Interview by Joyce Appelman
Allison Fasano at the age of 28 already has a foodie following that rivals many seasoned celebrity chefs. She’s already appeared on “Beat Bobby Flay” and that Food Network appearance was the catalyst launching her in the spotlight. She was Bobby Flay’s sous chef at Gato, worked at Michelin Star restaurants like Del Posto and The Sagamore Resort.
Allison Fasano has taken up residence on Long Island where she’s helming kitchens with her true blended cooking style. She brought the old-school New York steak house vibe to Harley’s American Grill, earning the Farmingdale steakhouse three stars. This past summer, she turned the Salt and Sea Bistro at The Bay Breeze Inn in Jamesport into a bustling North Fork dining destination.
Fasano took time from her busy schedule to present a Tedx Talk on Food Waste and was the keynote speaker for the annual Long Island ATHENA Leadership awards ceremony where they acknowledged that Chef Fasano exemplifies the characteristics of ATHENA leadership and professional excellence. She spoke on “saying yes,” an approach instilled by her father and taking risks outside of your comfort zone. ATHENA Long Island serves to celebrate and support women leaders throughout different phases of their careers, honoring then for attaining professional excellence, community service and for actively assisting women in their achievement of professional excellence and leadership skills.
In addition, Allison Fasano cooked alongside Daniel Boulud at the Palm Beach Wine and Food Festival and supported Women Chefs and Restauranteurs (WCR) initiatives.
What inspired you to become a chef?
I actually focused my whole life on food and cooking. I was always the class clown. I was always a comedian. Now I cook and tell jokes for free so it’s a win-win for everyone around me. I would come home from school every single day and watch the Food Network. When I was 11, I saw Rachael Ray on “30 Minute Meals” and immediately realized it was the first time in my life seeing someone do what they really love. She was always smiling and telling great stories, many were funny and my kind of humor. I said out loud, ‘OK, this is what I want to do. I want to be Rachael Ray.’ She has been my biggest inspiration.

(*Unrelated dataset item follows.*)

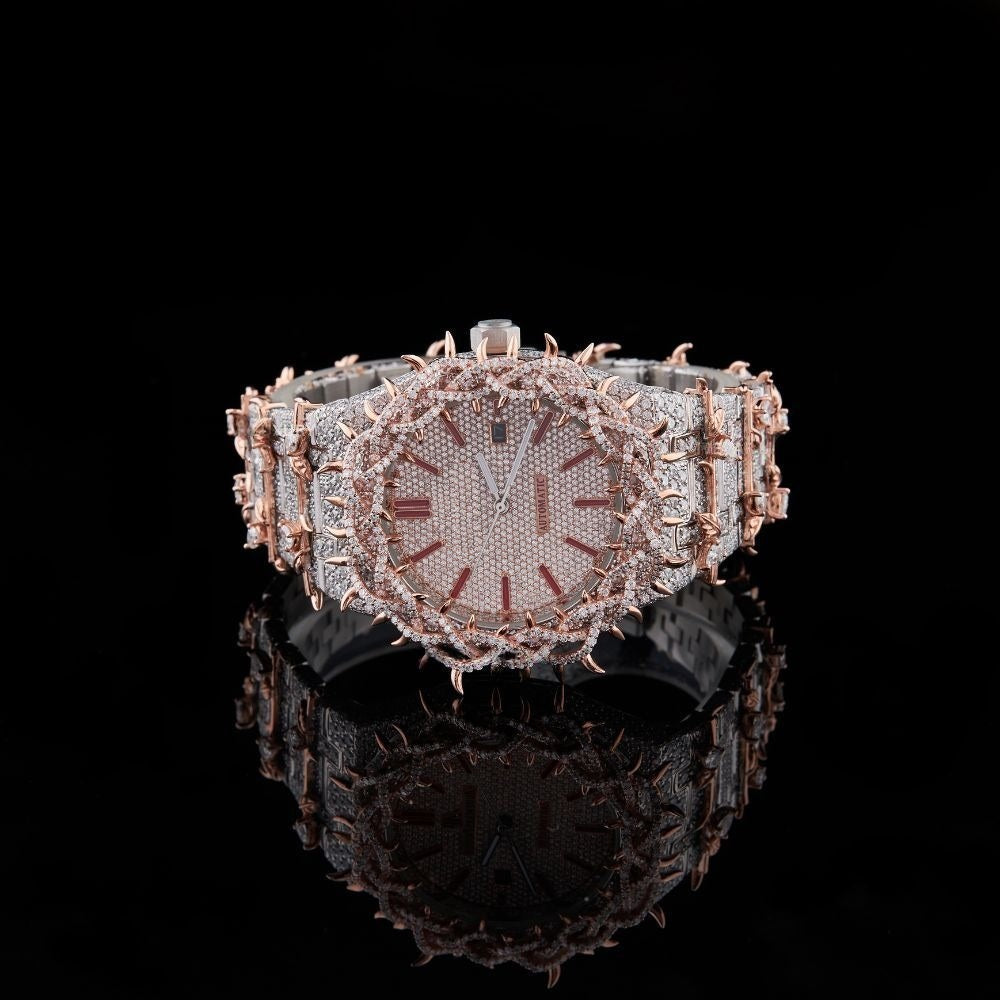 Rose Gold Dial Pink Baguette Marker Round-Cut Floral Moissanite Watch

When I was 18 years old, I met Rachael. When I get really excited about something, I laugh a lot and then I cry. Here I am meeting Rachael Ray with a shirt that says ‘I heart Rachael Ray’ and I start crying. Then in October 2018, I was at the Food Network and Cooking Channel NYC Food and Wine Festival and I participated in the Burger Bash that Rachael hosted. Of course, I was wearing the ‘I heart’ shirt. She came over and gave me a big hug and she gave me her phone number. So, we’re like friends now!
My first food job at 14 was at an Italian bakery where I grew up in Williamsburg, Brooklyn. I knew I always wanted to be a chef, so I went to school in the South of Italy in Calabria. I’m one of those people who say they are going to do something, and then I do it. A lot of people are surprised to hear that I’m 28. But I’ve just focused my life on food and always striving to be better than I was yesterday.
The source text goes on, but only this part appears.